„I’m a Wanderer. I’m a Wanderer.“ So oder so ähnlich schallt es durch das Ödland von Fallout 4, wenn wir uns wieder auf den Weg durch das postapokalyptische Gebiet machen und dabei jede Menge merkwürdige Kreaturen erblicken und Aufgaben für die verschiedensten Personen erledigen. Wir haben uns den Titel mal etwas genauer angeschaut und getestet.

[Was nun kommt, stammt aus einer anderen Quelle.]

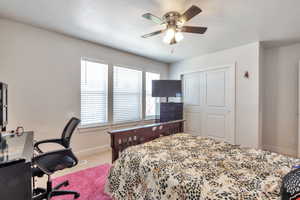 Bedroom featuring light-colored walls and carpeted flooring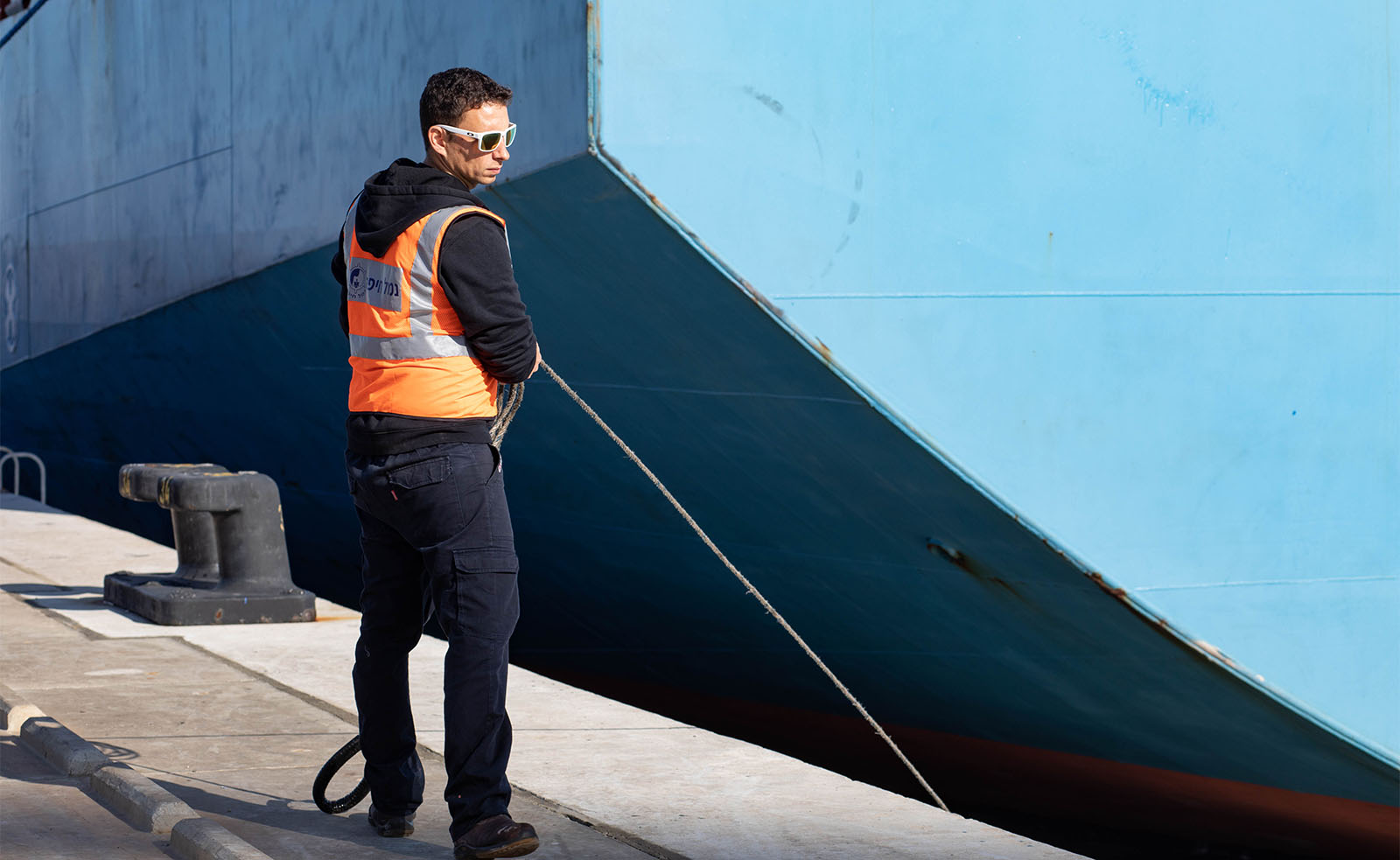 ספן בעגינה אלעד חיימוביץ קושר אוניה לרציף בנמל חיפה (צילום: גילעד שרים)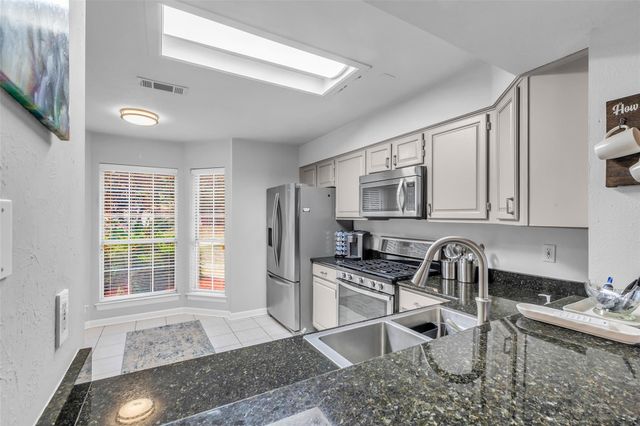 62 Laughing Brook Court, Spring, TX 77380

Sieben Jahre nach dem letzten Atomschlag in Fallout 3 ist es endlich so weit. Fallout 4 ist erschienen! Endlich darf sich wieder in die radioaktiv verseuchten Gebiete gestürzt werden und RAD-Kakerlaken warten nur darauf, von euch zermatscht zu werden. Gebiete wollen erkundet, Nebenaufgaben erledigt und Loot gefunden werden. Wie sich der neue Titel des Franchises so spielt und wie gut er wirklich ist, erfahrt ihr in unserer Review.
Story
Die Geschichte in Fallout 4 beginnt mit einem ganz gewöhnlichen Tag im Leben einer kleinen Familie im Jahre 2077. Als Mann oder Frau – das bleibt jedem selbst überlassen – verbringen wir den Morgen mit unserem Partner und unserem kleinen Sohn Shaun und können dabei sogar tatsächlich auch Wörter zu Stande bringen, was in den vorangegangenen Ablegern bisher nie der Fall war. Während unser mechanischer Roboter Mr. Handy das Essen zubereitet, klingelt mal wieder irgendein Vertreter vom Unternehmen Vault-Tec an der Tür, um uns einen Platz für eine Vault anzubieten. Diesmal entscheiden wir uns jedoch dafür, was auch gerade noch rechtzeitig geschieht, denn kurze Zeit später scheint die Welt vor ihrem atomaren Tod zu stehen.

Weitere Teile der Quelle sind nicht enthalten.